Una nuova era per i dirigenti industriali italiani

a cura della Redazione

Il neoeletto Presidente di Federmanager, Valter Quercioli, ha delineato un programma che guiderà l’organizzazione dei dirigenti industriali italiani nei prossimi tre anni sottolineando la necessità di un approccio coeso e deciso per affrontare le sfide dell’industria nazionale.

Quercioli ha paragonato il suo programma a un “piano di volo”, dove la meta è chiara e la rotta ben definita. Si tratta di un progetto concreto e monitorabile, sviluppato in collaborazione con i Presidenti e i membri delle Associazioni Territoriali di Federmanager, con l’obiettivo di rafforzare il ruolo e la reputazione dei manager industriali italiani.
Con oltre vent’anni di esperienza sindacale, dalla rappresentanza dei colleghi a livello aziendale fino alla carica di Vicepresidente nazionale della Federazione, Quercioli porta con sé un solido bagaglio di conoscenze e una forte dedizione al servizio dei colleghi. Il suo programma punta a contrastare la narrazione del declino del settore e a promuovere una visione positiva e propositiva della categoria manageriale, abbracciando dirigenti, quadri apicali, temporary e fractional manager, nonché consulenti direzionali, in un’unica comunità professionale.
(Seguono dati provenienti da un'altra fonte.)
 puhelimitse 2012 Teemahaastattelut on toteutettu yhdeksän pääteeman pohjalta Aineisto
Quercioli ha ribadito l’impegno di Federmanager verso i pensionati della categoria, che rappresentano un patrimonio storico dell’industria italiana, e ha sottolineato il valore della solidarietà intergenerazionale. 

"I manager in servizio sono ciò che i pensionati erano, e i pensionati rappresentano ciò che i lavoratori saranno" ha dichiarato, sottolineando l’importanza di tutelare i diritti di tutte le generazioni all’interno della Federazione.
Il nuovo Presidente ha denunciato l’elevata pressione fiscale che grava sui manager, spesso visti come “privilegiati” piuttosto che “meritevoli”, e la mancanza di investimenti da parte delle aziende, come evidenziato anche da Mario Draghi nel recente rapporto sulla competitività europea.
"I manager industriali sono la chiave per incrementare la produttività e la competitività delle nostre aziende" ha affermato Quercioli, aggiungendo che il loro ruolo è essenziale per la sostenibilità economica e sociale dell’impresa.
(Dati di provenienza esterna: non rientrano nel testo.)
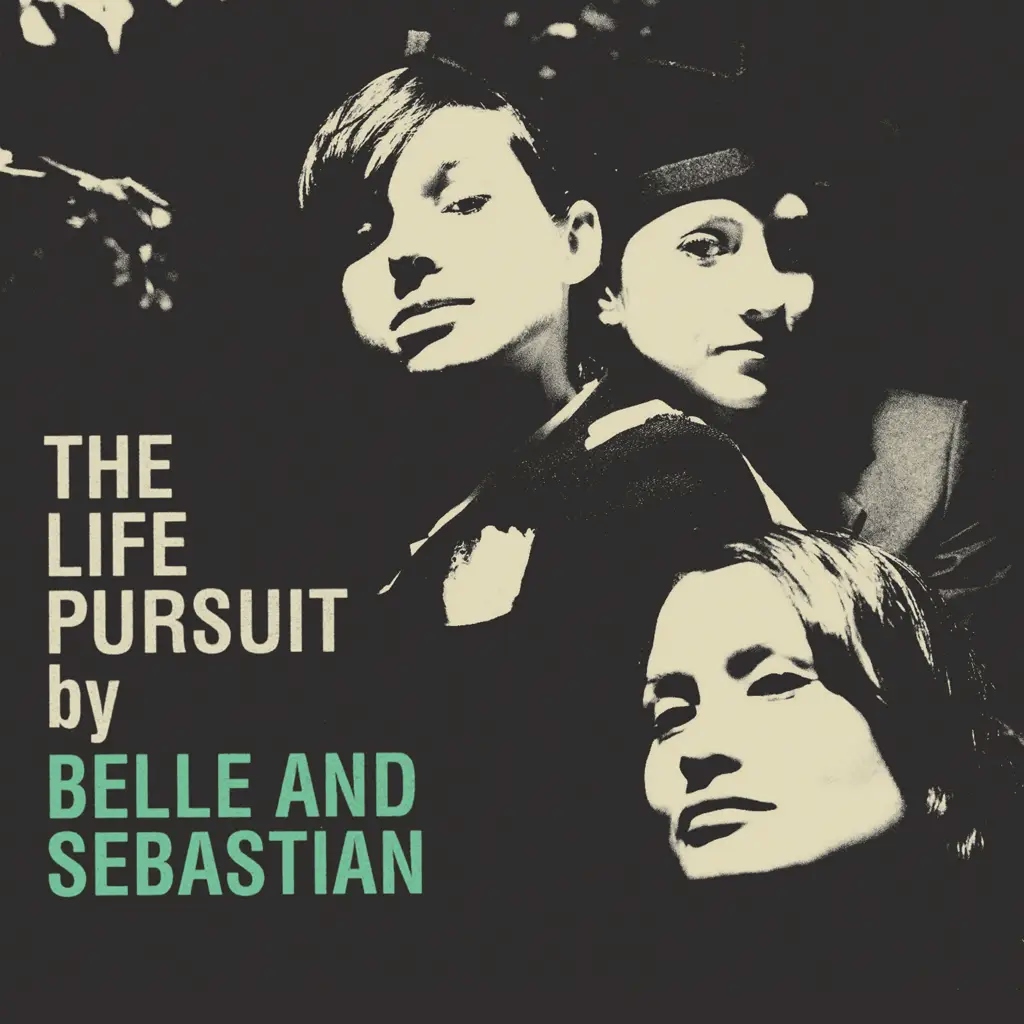Album artwork for The Life Pursuit by Belle and Sebastian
Il programma di Quercioli si articola in 11 temi critici, 5 obiettivi, 3 strategie principali e 19 aree d’intervento, supportati da 7 valori fondamentali. La sua visione mira a riposizionare Federmanager come promotore di una narrazione positiva per la categoria, riaffermando l’orgoglio professionale dei manager italiani e la loro centralità nelle decisioni aziendali e istituzionali.
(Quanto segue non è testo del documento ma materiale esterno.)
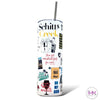 Schitt’s Creek Skinny Tumbler - Done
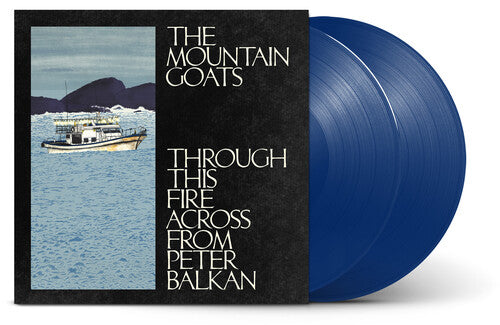 The Mountain Goats - Through This Fire Across From Peter Balkan Vinyl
"È il momento di agire in modo collettivo, con una Presidenza forte e una comunità interna coesa. Le sfide sono complesse, ma i manager italiani sanno come affrontarle, sia in azienda sia nella Federazione" ha concluso Quercioli, invitando i membri a unirsi in un percorso comune verso i risultati prefissati.

Federmanager si prepara così a una nuova fase, determinata a rivendicare il valore del lavoro manageriale come pilastro per l’innovazione, la crescita e la sostenibilità del settore industriale italiano.